2階からの屋根がそのまま1階部分までつながっているような屋根の形は、そのものずばり「大屋根(おおやね)」です。小さな住宅で大屋根は無理ですが、ある程度の規模の大屋根は堂々とした佇まいを感じられるでしょう。
洋風の住宅の場合には、個性的なデザインを優先して曲面の屋根が用いられることもあります。「ヴォールト屋根」などとも呼ばれますが、使用可能な素材が限られるうえに施工の難易度が上がり、工事費も割高となります。
マンションではごく一般的な「陸屋根(りくやね・ろくやね)」ですが、軽量鉄骨造や鉄筋コンクリート造の一戸建て住宅で採用される場合もあります。フラットな屋根のため、雨水や枯葉などがたまりやすく、防水処理のメンテナンスが重要となります。

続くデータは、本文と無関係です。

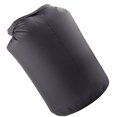 thumbnail image 4 of Waterproof Dry Bag Roll Top Dry Compression Boating Waterproof Bag Dry Sack for Rafting Boating Hiking Camping 70L, 4 of 8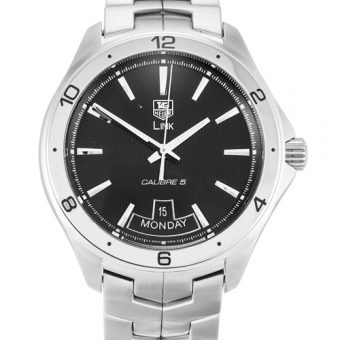 Tag Heuer Link CAT2110.BA0959 - gallery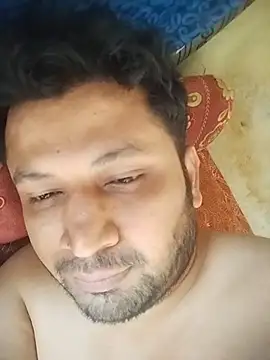 Pravin9562 online show from 7, 4, 2026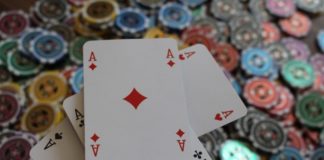 Trwają nominacje do nagród Asia Gaming Awards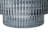 Giovo Glass Table Vase-701341376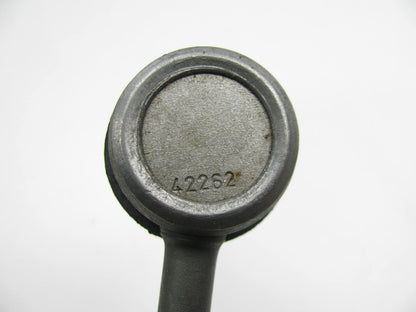 TRW 18156 Front Suspension Stabilizer Sway Bar Link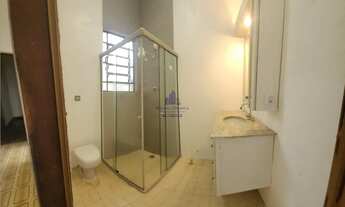 Imagem 7: Casa para Locação e Venda no Centro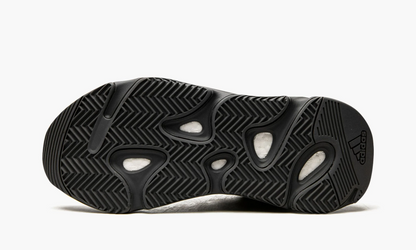 Yeezy Boost 700 MNVN Resin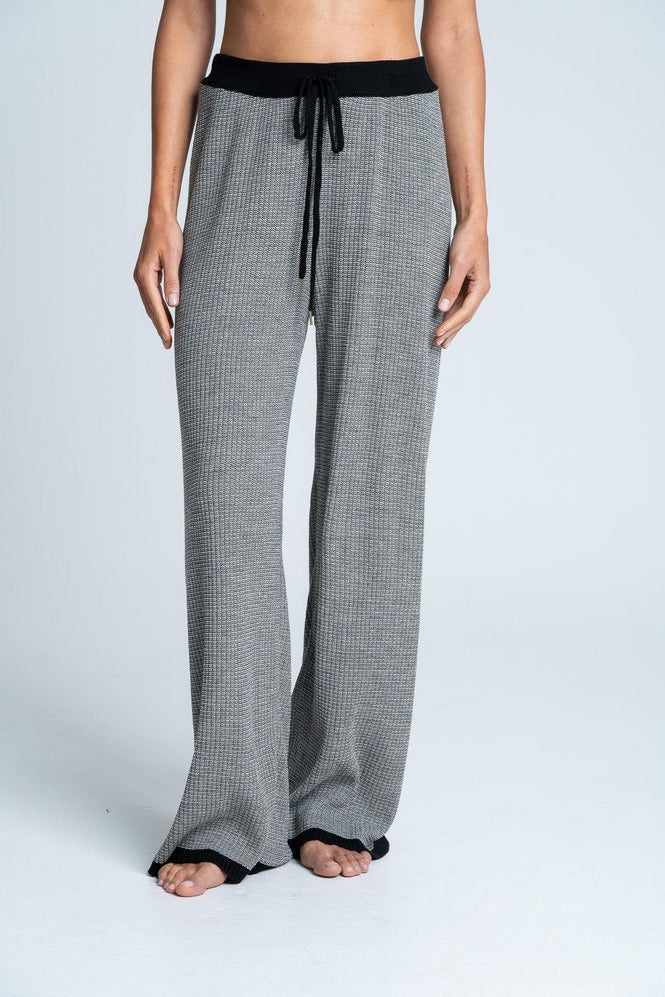 Pantalon-Pijama-Amplia-BRONZINI-3848092_a.jpg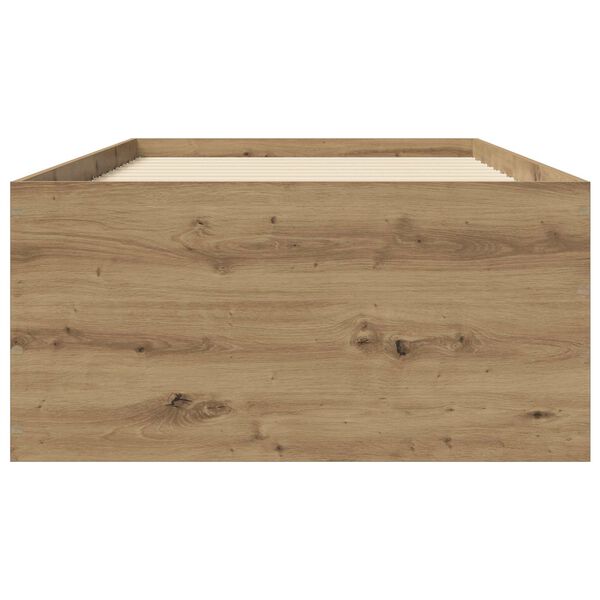 Viser produktbillede 4 af 8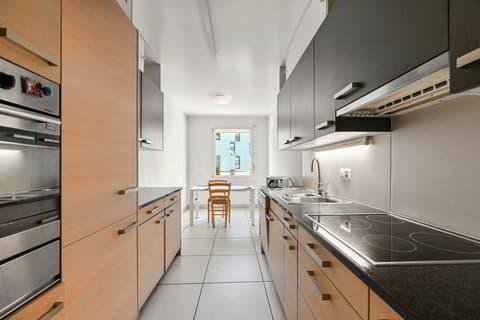 Appartement null pièces à acheter à Vevey - image 1/1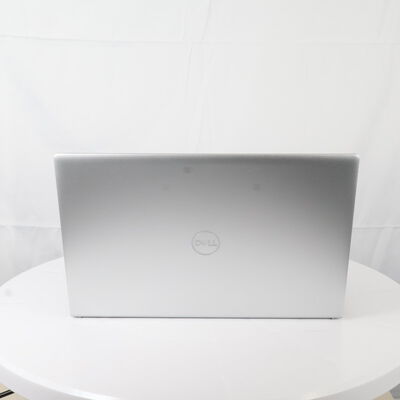 【通販センター】中古  Dell Inspiron 5415(AMD Ryzen 7 5700U/8GB/SSD500GB/なし/ATI AMD Radeon(TM) Graphics/14/1920x1080/Wi-Fi/W11H64 MAR) 185375 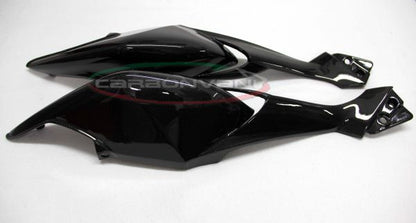 CARBONVANI - MV AGUSTA BRUTALE 920 / 990 / 1090 /R /RR CARBON FIBER RH SEAT TAIL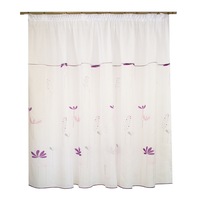 perdea velaria alba cu flori mov 400 x 180 cm imagen 18_0_
0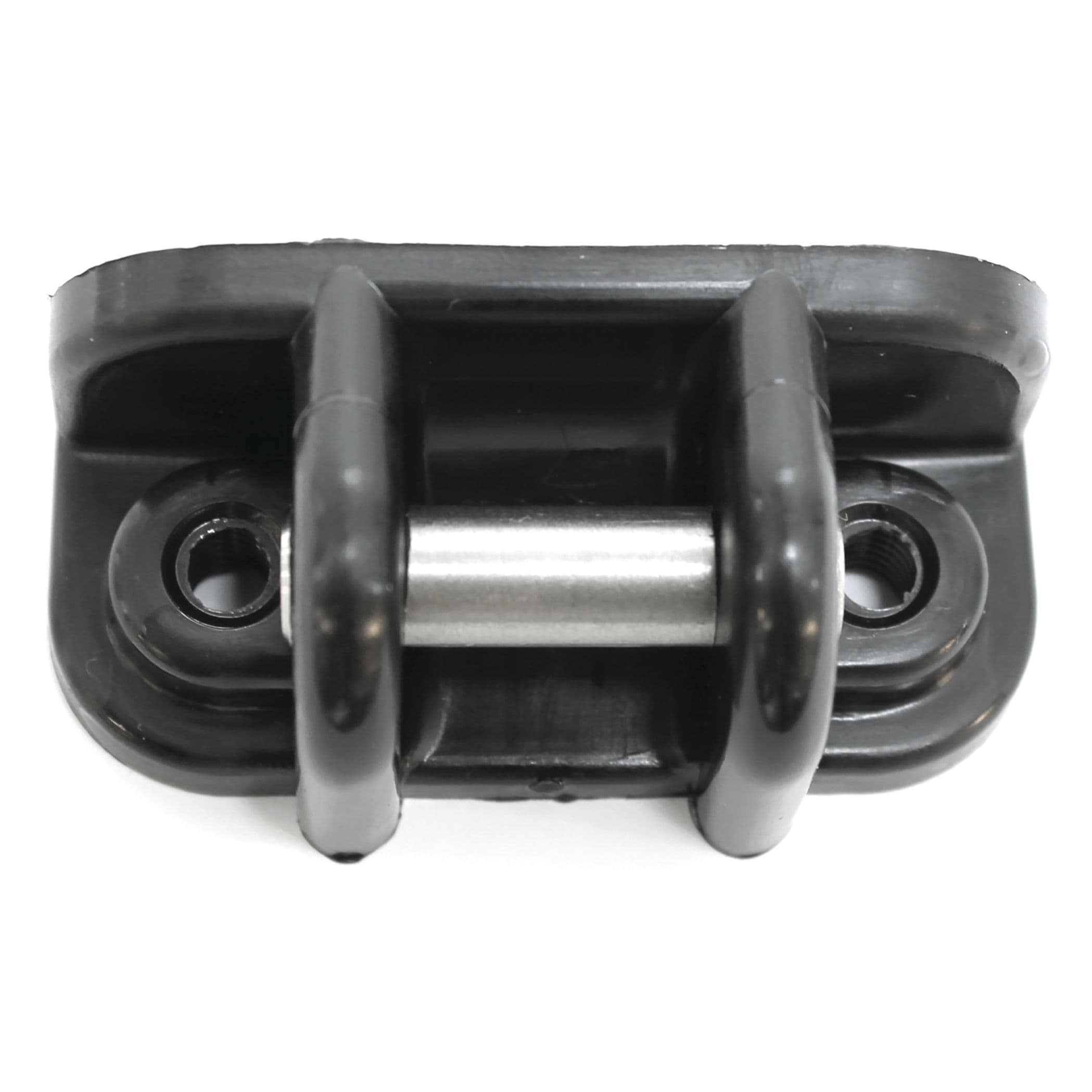 Lower Hinge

陸屋根の中古住宅の場合に、屋上へ出ることができるのであればしっかりと確認しておくことが欠かせません。
実際の一戸建て住宅の屋根の形は、デザイン的な面からこれらの基本形を組み合わせたり、斜線制限や高さ制限など建築規制の影響で一部が削られたりすることで、さまざまなバリエーションがあるでしょう。
また、斜線制限いっぱいまで建てることによって、かなりいびつな屋根の形になっている場合もあります。
しかし、屋根の形が複雑になればなるほど工事が難しくなり、施工不良による雨漏りなども起きやすくなります。購入を検討する対象が複雑な形状の屋根を持つ中古住宅の場合には、雨漏りの形跡がないかなど、建物状態のチェックをより入念に実施することも欠かせません。
注文住宅など、これから建てようとする住宅の屋根を複雑な形にしようとするときには、施工技術のしっかりとした建築業者を選ぶことも重要となってきます。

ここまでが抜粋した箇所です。